When the ``!t`` formatter was proposed in 2018, `Eric Smith was stronly
opposed to this
<https://mail.python.org/archives/list/python-dev@python.org/message/BMIW3FEB77OS7OB3YYUUDUBITPWLRG3U/>`_;
Eric is the author of the f-string :pep:`498` "Literal String Interpolation".


Add formats to str % args
-------------------------

It was proposed to add formats to format a type name in ``str % arg``.
For example, add the ``%T`` format to format a type fully qualified
name.

Nowadays, f-strings are preferred for new code.


Other ways to format type names in C
------------------------------------

The ``printf()`` function supports multiple size modifiers: ``hh``
(``char``), ``h`` (``short``), ``l`` (``long``), ``ll`` (``long long``),
``z`` (``size_t``), ``t`` (``ptrdiff_t``) and ``j`` (``intmax_t``).
The ``PyUnicode_FromFormat()`` function supports most of them.

Proposed formats using ``h`` and ``hh`` length modifiers:

* ``%hhT`` formats ``type.__name__``.
* ``%hT`` formats ``type.__qualname__``.
* ``%T`` formats ``type.__fully_qualified_name__``.

Length modifiers are used to specify the C type of the argument, not to
change how an argument is formatted. The alternate form (``#``) changes
how an argument is formatted. Here the argument C type is always
``PyObject*``.

Other proposed formats:

* ``%Q``
* ``%t``.
* ``%lT`` formats ``type.__fully_qualified_name__``.
* ``%Tn`` formats ``type.__name__``.
* ``%Tq`` formats ``type.__qualname__``.
* ``%Tf`` formats ``type.__fully_qualified_name__``.

Having more options to format type names can lead to inconsistencies
between different modules and make the API more error prone.

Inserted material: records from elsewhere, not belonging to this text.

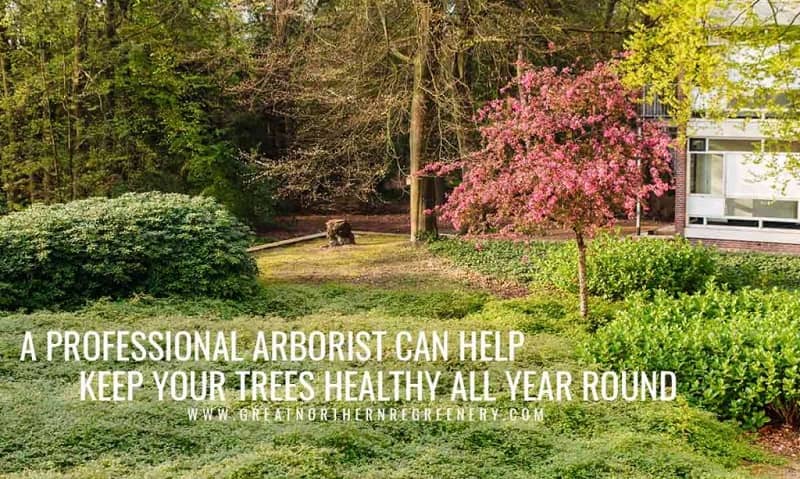 A professional arborist can help keep your trees healthy all year round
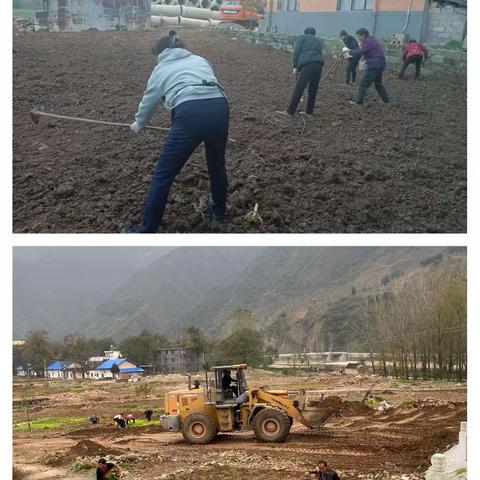 改变撂荒,重建希望,让绿色报恩去破茧!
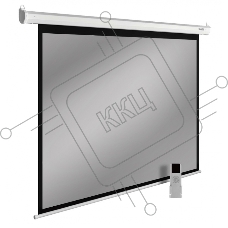Экран Cactus 138x220см SIlverMotoExpert CS-PSSME-220X138-WT 16:10 настенно-потолочный рулонный белый (моторизованный привод)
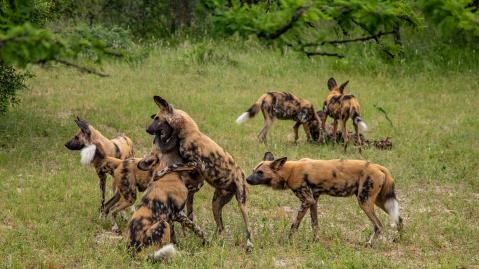 Afrikanischer Wildhund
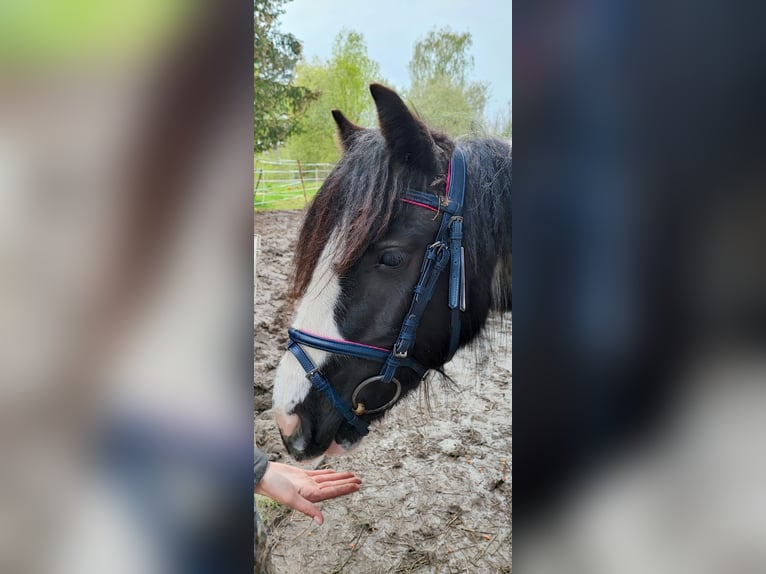 Tinker Mix Stute 4 Jahre 135 cm Tobiano-alle-Farben in Holzen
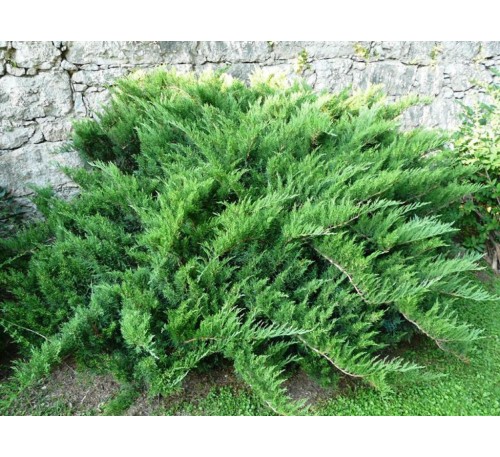 Можжевельник казацкий  Тамарисцифолия  (Tamariscifolia) С2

About the ``%t`` format, ``printf()`` now uses ``t`` as a length
modifier for ``ptrdiff_t`` argument.

The following APIs to be used to format a type:

.. list-table::
   :header-rows: 1

   * - C API
     - Python API
     - Format
   * - ``PyType_GetName()``
     - ``type.__name__``
     - Type **short** name.
   * - ``PyType_GetQualName()``
     - ``type.__qualname__``
     - Type **qualified** name.
   * - ``PyType_GetModuleName()``
     - ``type.__module__``
     - Type **module** name.


Use %T format with Py_TYPE(): pass a type
-----------------------------------------

It was proposed to pass a type to the ``%T`` format, like:

.. code-block:: c

    PyErr_Format(PyExc_TypeError, "object type name: %T", Py_TYPE(obj));

The ``Py_TYPE()`` functions returns a borrowed reference. Just to format
an error, using a borrowed reference to a type looks safe. In practice,
it can lead to crash. Example::

    import gc
    import my_cext

    class ClassA:
        pass

    def create_object():
         class ClassB:
              def __repr__(self):
                    self.__class__ = ClassA
                    gc.collect()
                    return "ClassB repr"
         return ClassB()

    obj = create_object()
    my_cext.func(obj)

where ``my_cext.func()`` is a C function which calls::

    PyErr_Format(PyExc_ValueError,
                 "Unexpected value %R of type %T",
                 obj, Py_TYPE(obj));

``PyErr_Format()`` is called with a borrowed reference to ``ClassB``.
When ``repr(obj)`` is called by the ``%R`` format, the last reference to
``ClassB`` is removed and the class is deallocated. When the ``%T``
format is proceed, ``Py_TYPE(obj)`` is already a dangling pointer and
Python does crash.


Other proposed APIs to get a type fully qualified name
------------------------------------------------------

* Add ``type.__fullyqualname__`` attribute: name without underscore
  between words. Several dunders, including some of the most recently
  added ones, include an underscore in the word:
  ``__class_getitem__``, ``__release_buffer__``, ``__type_params__``,
  ``__init_subclass__`` and ``__text_signature__``.
* Add ``type.__fqn__`` attribute: FQN name stands for **F**\ ully
  **Q**\ ualified **N**\ ame.
* Add ``type.fully_qualified_name()`` method. Methods added to ``type``
  are inherited by all types and so can affect existing code.
* Add a function to the ``inspect`` module. Need to import the
  ``inspect`` module to use it.


Include the __main__ module in the type fully qualified name
------------------------------------------------------------

Format ``type.__fully_qualified_name__`` as
``f"{type.__module__}.{type.__qualname__}"``, or ``type.__qualname__`` if
``type.__module__`` is not a string or is equal to ``"builtins"``.  Do
not treat the ``__main__`` module differently: include it in the name.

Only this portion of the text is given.